Most of my fellow passengers were speaking in foreign tongues and wearing giant sunglasses, which made me suspect that they were European. I did not hear a single English-speaking voice that did not have a strong accent, including the tour guide, a woman who looked to be in her sixties who was collecting the tickets downstairs and who made it a point to tell me that my ticket was good only for the Uptown Loop as if I looked like the type who might try to pull a fast one by sneaking onto the Downtown Loop bus afterwards.
When we started moving, the tour guide sat in an empty seat up front and picked up the microphone. Those of us in the back could not hear her at all, and a gentleman with a British accent raised his hand and said that we in the back could not hear her. She looked agitated at the interruption and said that the group before this one was able to hear just fine and then suggested maybe we should just be quiet and listen. But very few people were talking to begin with, so this made no difference.
A couple of minutes later the British gentleman raised his hand again and said he still couldn’t hear, and his companion suggested that maybe she should just turn up the volume. After glaring at the Brits for a moment, the guide finally turned and shouted down the stairs to the driver to turn the sound up. She then turned back to us and with a stern tone said that we all had to be quiet so that everyone could hear her. We had barely gone two blocks and this was already beginning to feel like a bad high school field trip.
Heading up Eighth Avenue approaching 50th Street, the guide said that the entire area we were in now was known as “Columbus Circle”. This was news to me. I thought Columbus Circle was Columbus Circle, and that the area we were in is known as Midtown. When we actually arrived at Columbus Circle and were driving around the traffic circle, she said that the area we were now in was Central Park West and that the next stop was Central Park South, which was actually on Central Park West because we had already crossed Central Park South. She asked how many people wanted to get off at this stop, and about ten or so people indicated they did by raising their hands. There was no cord to pull or strip to press to request a stop like an MTA bus, so every time we approached a stop, the guide asked if anyone wanted to get off.
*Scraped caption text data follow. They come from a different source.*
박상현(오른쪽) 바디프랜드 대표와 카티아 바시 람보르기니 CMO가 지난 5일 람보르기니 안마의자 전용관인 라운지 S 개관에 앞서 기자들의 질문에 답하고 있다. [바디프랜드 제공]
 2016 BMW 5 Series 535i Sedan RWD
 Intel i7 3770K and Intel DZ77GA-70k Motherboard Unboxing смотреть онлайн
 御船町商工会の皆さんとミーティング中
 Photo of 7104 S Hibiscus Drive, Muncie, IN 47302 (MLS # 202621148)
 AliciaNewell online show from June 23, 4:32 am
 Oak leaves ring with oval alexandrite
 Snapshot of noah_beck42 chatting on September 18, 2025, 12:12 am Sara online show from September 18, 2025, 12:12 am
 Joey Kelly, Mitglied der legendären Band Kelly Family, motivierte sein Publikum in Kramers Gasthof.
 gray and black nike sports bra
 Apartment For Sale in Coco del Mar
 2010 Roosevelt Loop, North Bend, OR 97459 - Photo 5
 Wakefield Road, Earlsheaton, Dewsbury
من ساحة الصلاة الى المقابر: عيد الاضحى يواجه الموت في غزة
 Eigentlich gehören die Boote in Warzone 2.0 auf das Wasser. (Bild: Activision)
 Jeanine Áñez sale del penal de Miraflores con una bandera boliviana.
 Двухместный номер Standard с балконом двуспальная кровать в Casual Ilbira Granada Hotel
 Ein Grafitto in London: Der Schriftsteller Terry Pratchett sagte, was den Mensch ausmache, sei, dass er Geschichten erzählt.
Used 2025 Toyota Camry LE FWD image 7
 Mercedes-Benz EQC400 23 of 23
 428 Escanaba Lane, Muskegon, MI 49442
If anyone did, she shouted down the stairs to let the driver know that people were getting off.
About ten more people hopped on to replace the ten that had exited, so the bus was once again at full capacity as we headed up Central Park West. The guide indicated that Madonna lived in one of the buildings that we had just passed, and she ordered everyone to remain quiet as if not to disturb her. I wondered if she would do the same when we passed my building in 133rd.
We continued on to Lincoln Center and up into the Upper West Side. On a nice day it would probably be a good view from the top of the bus, but this encasement window was so dirty that I couldn’t help but think that I would have seen a lot more from an MTA bus. It was also a little bit disconcerting to see the traffic lights hover just above us as we passed underneath them. If the cover was not on and someone happened to stand up at the wrong time, it would not be pretty. I looked at my ticket to see if there were any warnings about decapitation. There was nothing specific about losing your head, but the company claimed that it was not responsible for injuries, delays, inconveniences, or anything else for that matter.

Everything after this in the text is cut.